You’ve probably heard about or personally experienced cannabis flower shortage in Michigan. Now, people will tell you there’s plenty of cannabis in Michigan and perhaps that’s true. Our caregivers have been growing excellent product for the last ten years. The cannabis flower shortage that independent provisioning centers are suffering from comes from a snag in the supply chain and an issue with Michigan marijuana regulations.
We propose two solutions to the issue at hand, moving the cannabis from the caregiver to testing and to the provisioning center and/or allowing cannabis to be sold between provisioning centers.
One thing we like about Michigan’s new Marijuana Regulatory Agency is that Director Brisbo is accessible and open to ideas. We wrote to him recently on behalf of our independent cannabis clients who are struggling with keeping cannabis flower in stock.
We urge others, especially patients, to be proactive about this issue.

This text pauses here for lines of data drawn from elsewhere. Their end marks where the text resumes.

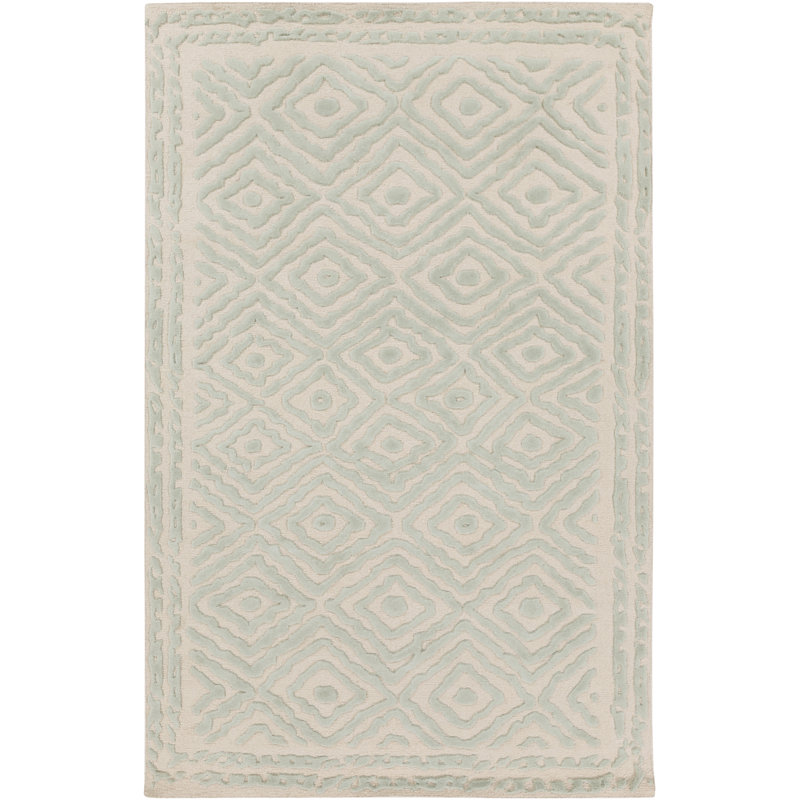 Sala Wool Geometric Indoor Rug, Rectangle 3'3" x 5'3"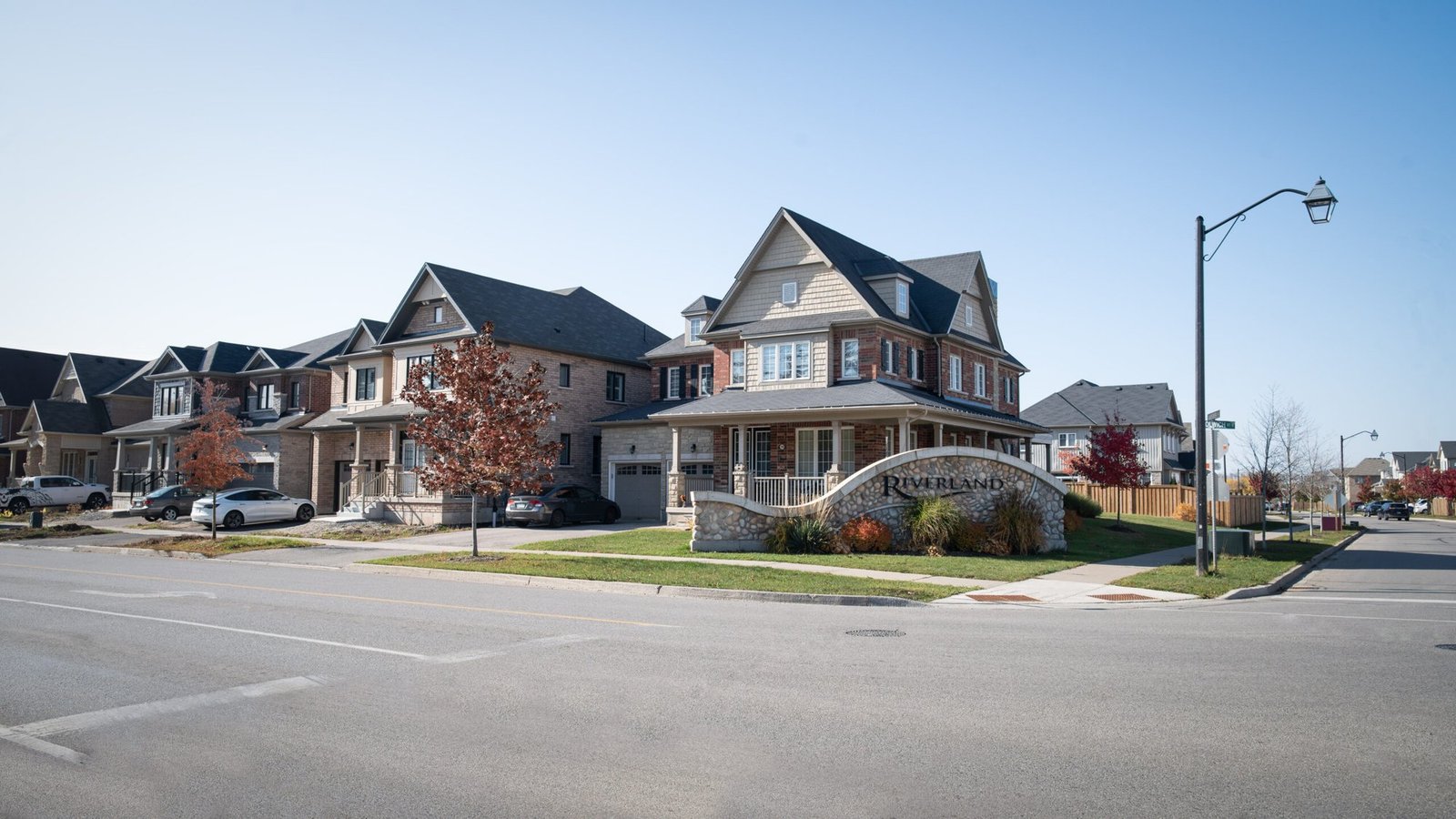 Empire Riverland Breslau | Empire Communities Hero Rendering Empire Riverland master-planned community streetscape rendering in Breslau Kitchener-Waterloo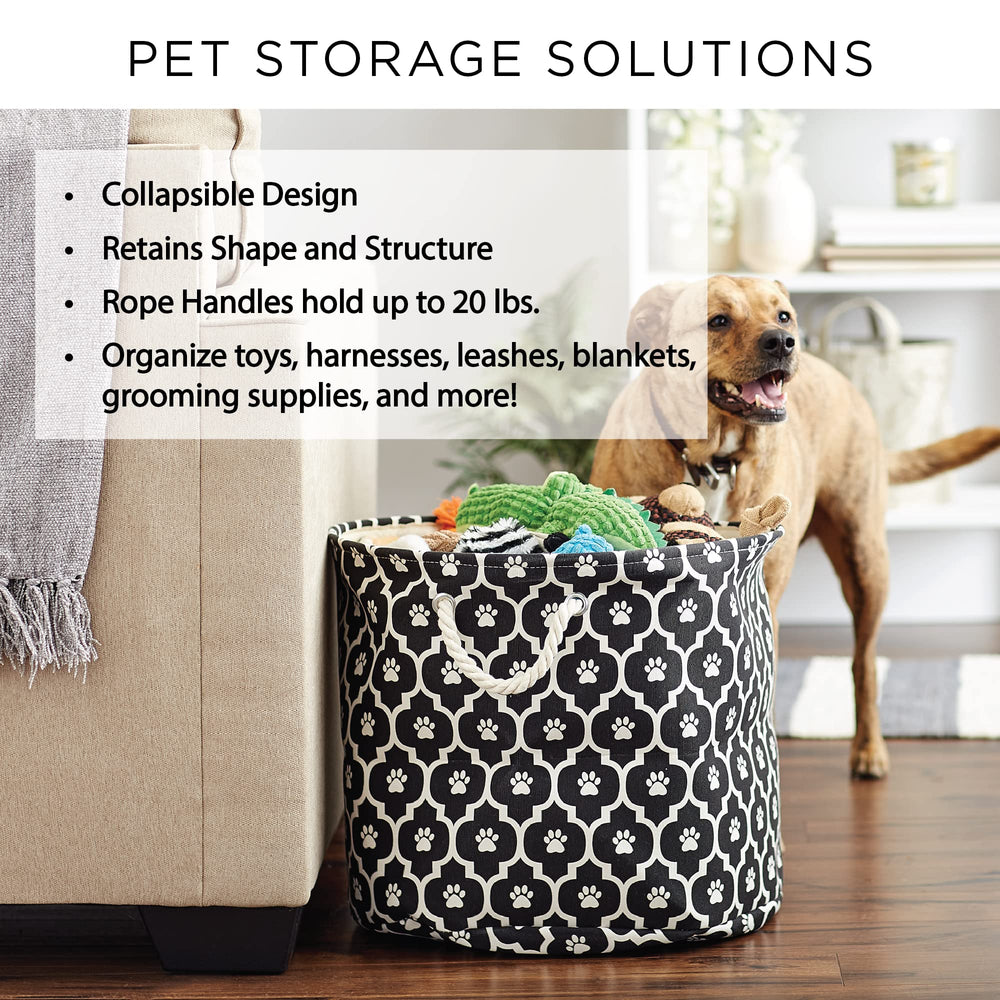 Bone Dry Paw and Bone Print Rose decorative storage fits any room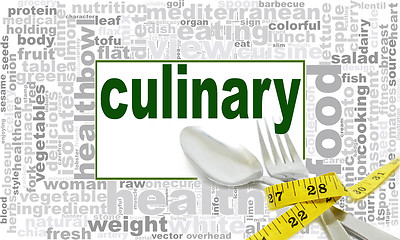 Image showing Culinary word cloud design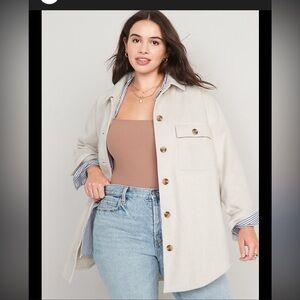 Old Navy Soft-Brushed Utility Shacket NWT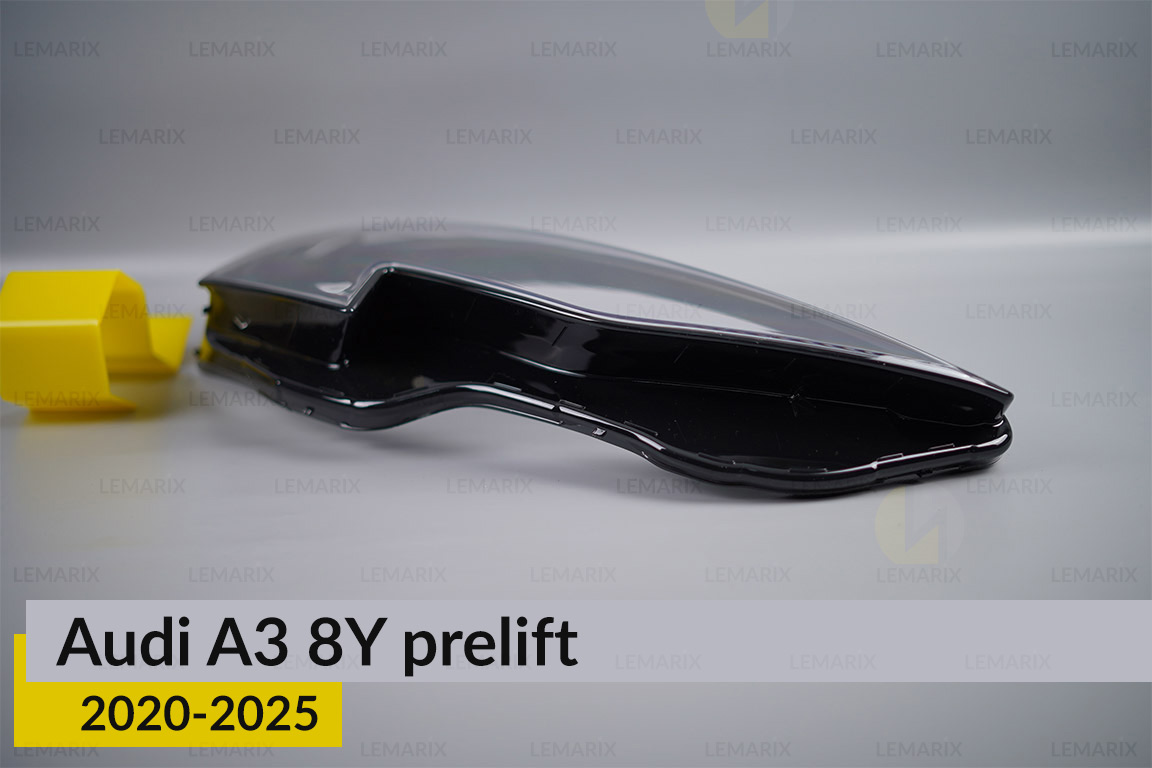 Скло фари Audi A3 8Y (2020-2026) дорест праве
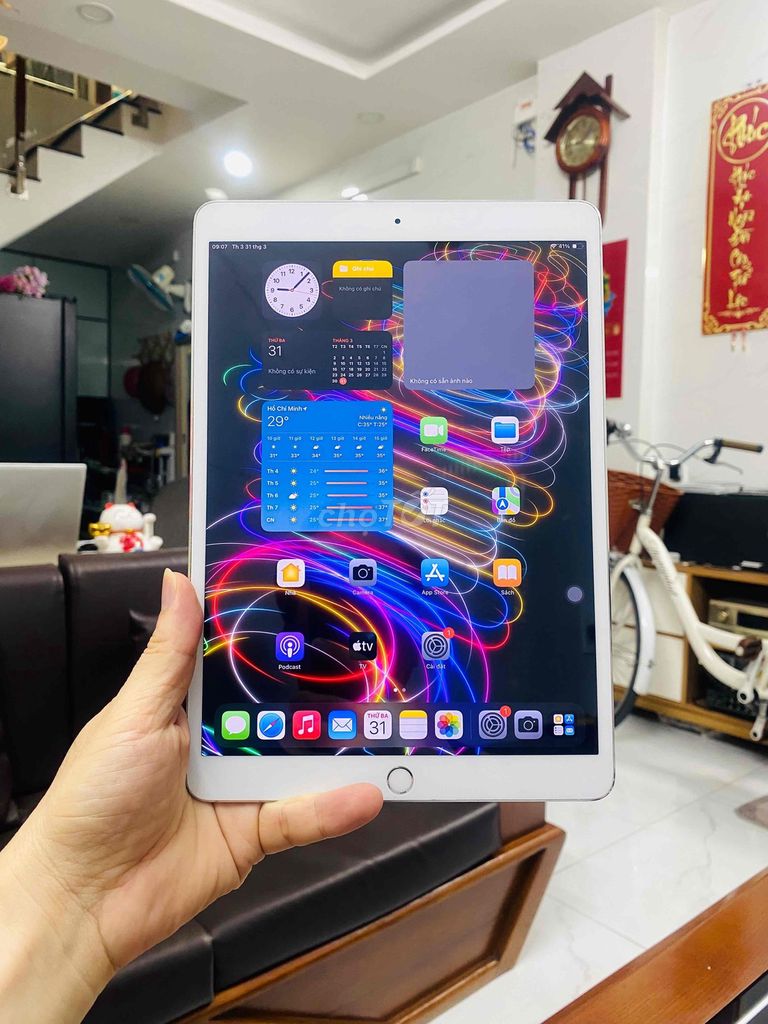 iPad Pro 10.5 inch 4/64Gb, zin, còn vân, sạch icl. Mua bán Máy tính bảng tại Quận Tân Bình Tp Hồ Chí Minh được đăng bởi ANH ĐỨC Store hình 1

The solutions are simple and we need action now.
Here’s our letter:
Marijuana Regulatory Agency
Department of Licensing and Regulation
Attn: Andrew Brisbo, Director
P.O. Box 30083
Lansing, MI 48909
Re: MMFLA Licensing Provisioning Centers
Dear Mr. Brisbo:
As you may have heard from others, quite a few of the independent licensed provisioning centers are suffering from a dearth of product for sale. The larger grower and processor companies which could afford vertical integration can well control the distribution of their product and shut out the smaller, independent provisioning centers. In addition, the larger, vertically integrated entities can take in product from a caregiver through their licensed grower and processor and run it right into their own provisioning center. Stand-alone provisioning centers cannot do so.
I am requesting on behalf of the smaller, independent, non-vertically integrated provisioning centers either:
- Going back to the past position from the Agency which allowed direct sale of tested and transported product from a caregiver to a licensed provisioning center; or
- Allowing licensed provisioning centers to sell the product between themselves in order to keep a balance of product. For example, one has more product than necessary and another has none. If they were owned by the same ownership under MRTMA, they could shift inventory. It seems only fair that independent provisioning centers be allowed the same rights to balance product amongst themselves.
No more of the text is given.